One major storyline during this period was the discovery of Batch SW6, a group of clones of the early Legion (from their Adventure Comics days), created by the Dominators. Giffen's original conclusion for the storyline was that the clones would have been revealed to be the real Legion, and the ones whose adventures had been chronicled since the 1950s were the clones. The adult Legion's secret programming would kick in, forcing them to fight the younger Legion and leading to a fight to the death in which Legionnaires on both teams would die, with the victims' names being picked at random. Afterwards, the older team would explore the Vega System as a 30th-century version of the Omega Men in a new series while the younger team would act as the main Legion on Earth. Giffen's other conclusion was for several of the younger and older Legionnaires to die while liberating Earth from the Dominion. The older Legion would defend Earth while the younger Legion would act as the last line of defense for the United Planets as the Omega Men.

Instead, a parallel title, Legionnaires, was launched, starring the "SW6" Legion, whose origins were not resolved until the Zero Hour crossover. Legionnaires was lighter in tone than the main Legion book, and it was written by the Bierbaums and drawn by Chris Sprouse. Giffen left the book after a storyline which involved the destruction of Earth, and the Bierbaums continued writing, overseeing the return of several classic characters. When the Bierbaums left, writer Tom McCraw took over and made a number of changes, such as forcing several Legion members underground, which required them to take on new identities and costumes, and bringing back long-absent Legionnaire Wildfire.

In 1994, DC rebooted the team's continuity. As part of the Zero Hour storyline, the Legion's original continuity came to an end in September 1994 with Legion of Super-Heroes (vol. 4) #61. The "Five Years Later" era of the Legion was not subsequently reprinted by DC Comics until the announcement of a hardcover omnibus collection scheduled for release in 2020, almost 26 years after the conclusion initial storyline.

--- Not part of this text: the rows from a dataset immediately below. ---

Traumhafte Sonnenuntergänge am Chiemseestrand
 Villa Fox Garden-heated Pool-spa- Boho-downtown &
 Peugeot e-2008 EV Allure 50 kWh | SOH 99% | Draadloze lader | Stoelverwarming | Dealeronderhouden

===Rebooted (1994–2004)===

The Post-Zero Hour Legion, with their allies and enemies. Art by Phil Jimenez.

Following Zero Hour, a new Legion continuity was created, beginning with a retelling of the origin story starting in Legion of Super-Heroes (vol. 4) #0 and then continued in the spin-off sister series Legionnaires #0 (both released in October 1994). Lightning Lad was renamed Live Wire, and after the group's founding, a large number of heroes were added to the roster. Several members from the previous continuity were given new codenames, and some new heroes were added, including XS (the granddaughter of Barry Allen, the second Flash), Kinetix, Gates, and Sensor, a reimagined version of Princess Projectra.

While in some ways following the pattern of the original continuity, the new continuity diverged from the old one in several ways: some characters died as they had previously, others did not, and some Legion members spent time in the 20th century where they recruited Ferro. The Legion also started out having to earn the respect of the United Planets, which they did through two well-earned victories: successfully defending Earth from the White Triangle, a group of Daxamite racial purists; and exposing United Planets President Chu as the mastermind behind the Braal-Titan War, the Sun-Eater hoax, the formation of the Fatal Five and the brainwashing of future Legionnaire Jan Arrah.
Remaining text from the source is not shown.